Hi all,
I’m just a newbie to PyTorch and struggling for PyTorch distributed training. Currently, I’m trying to implement a GAN like training strategy. The training consists of two stages:
-
Fix task network, train discrinmator, my workflow is as following:
src_data -> T() ->detach()-> D() -> loss(src_pred, src_label)
tgt_data -> T()->detach()->D()->loss(tgt_pred, tgt_label) -
Fix discrinmator, train task network, my workflow is as following:
src_data->T()->supervised_loss
tgt_data->T()->D()->-1*loss(tgt_pred, tgt_label)
The task network T() and discriminator network D() are both wrapped in DDP and they are placed in different process group. The task network is trained with supervised loss with labeled data and finetuned by the adversarial loss with unlabeled data.
For this setting I have 2 questions:
- Is it the correct way to combine two DDP models? Or do I have to warp them into one single module first and then place them under DDP?

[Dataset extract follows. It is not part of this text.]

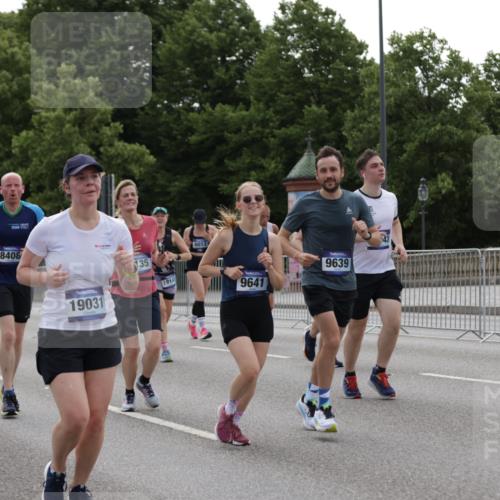 29.06.2025 - hella hamburg halbmarathon Jannik Wohlers http://msf.ph/oto/8140222 29.06.2025 10:43:01 Lombardsbrücke 1155, 1816, 1878, 3238, 3329, 3390, 3638, 4056, 4302, 4367, 5370, 5720, 6012, 6096, 6226, 6440, 6931, 7872, 7926, 8135, 8233, 8408, 8435, 9639, 9641, 9976, 10083, 10200, 10202, 10325, 11093, 11279, 11649, 11969, 12603, 12654, 13684, 13685, 13748, 13786, 14528, 14890, 15187, 15509, 15514, 15717, 16055, 16358, 16560, 16901, 16902, 17143, 17210, 18341, 18497, 19031, 19043, 19141 meine-sportfotos.de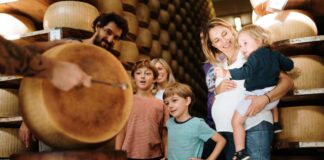 Caseifici Aperti: sabato 7 e domenica 8 ottobre torna l’appuntamento autunnale per scoprire la produzione del Parmigiano Reggiano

- During training process of task network, I have to fix discriminator’s parameters. Now I just set the requires_grad of all parameters in discrinmator as False and turn them back to True after the loss.backward() is called. Is there anything else to be changed? I found DDP doesn’t allow unused parameters now, but it seems okay to use a module which doesn’t require gradients entirely. Do I do it in a correct way?
I’ll appreciate if there’s somebody could tell me what’s the best practice of implementing multiple models for adversarial training. Thanks in advance!